The directors of financial aid at Columbia University, the University of Texas at Austin and the University of Southern California held shares in a student loan company that each of the universities recommends to student borrowers, and in at least two cases profited handsomely.
The personal stake of the three university officials in the company, now known as Student Loan Xpress, is the latest revelation in an expanding investigation by Attorney General Andrew M. Cuomo of New York into the relationships between student loan companies and universities. Student Loan Xpress is one of the “preferred lenders” recommended at all three universities.
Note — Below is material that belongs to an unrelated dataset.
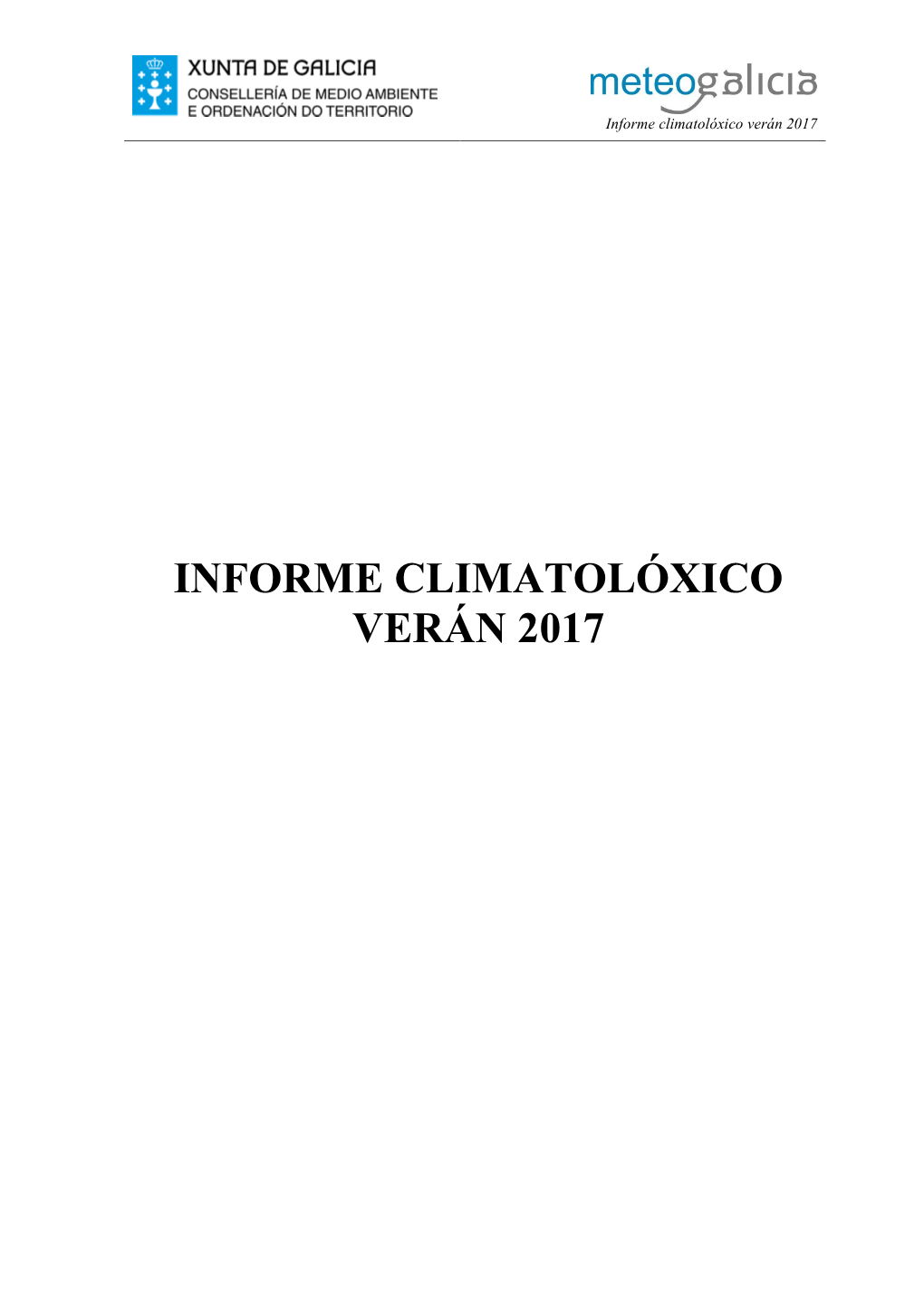 Informe Climatolóxico Verán 2017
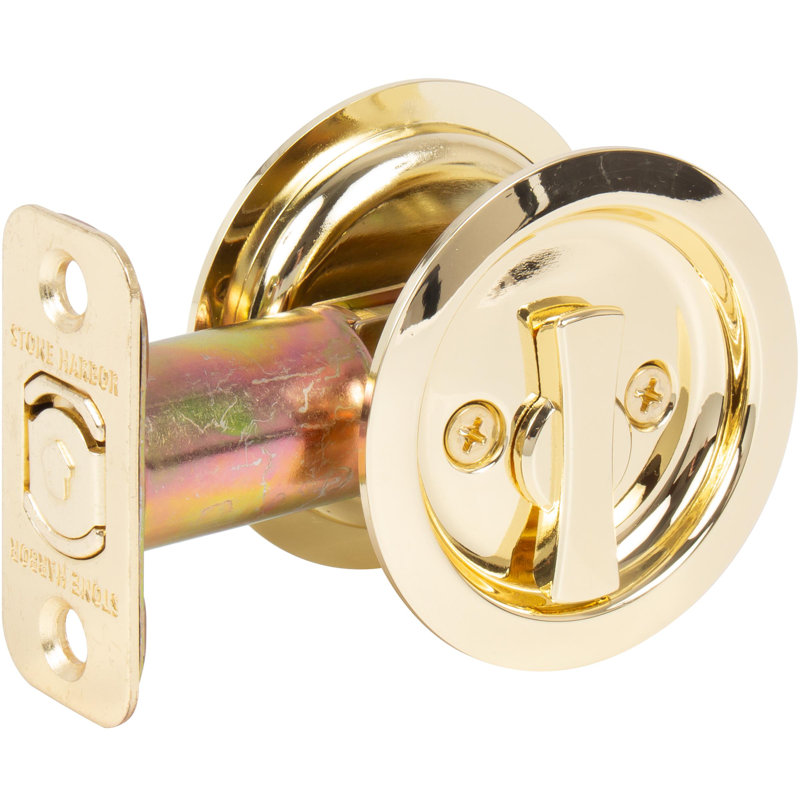 Serrure ronde pour porte escamotable, Laiton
Government filings show that the three officials sold shares in a stock offering by the parent company of Student Loan Xpress in 2003 and held additional stock options in the company, known as Education Lending Group. One of the officials made more than $100,000, according to documents and lawyers in Mr. Cuomo’s office. In one case, that of Texas, the official says he was invited to invest in the company.
The documents show the largest gains went to David Charlow, executive director of financial aid at Columbia University. Columbia said yesterday that it had put Mr. Charlow on paid leave “pending a full review.” . . . .
If banks were submitting blind bids for the billions in student loans, rather than being guaranteed a fixed amount of profit by Congress (thank you, Mr. Boehner), this kind of corruption could be eliminated because the lowest bid would recommend themselves for the business. See earlier Washington Post story on the idea.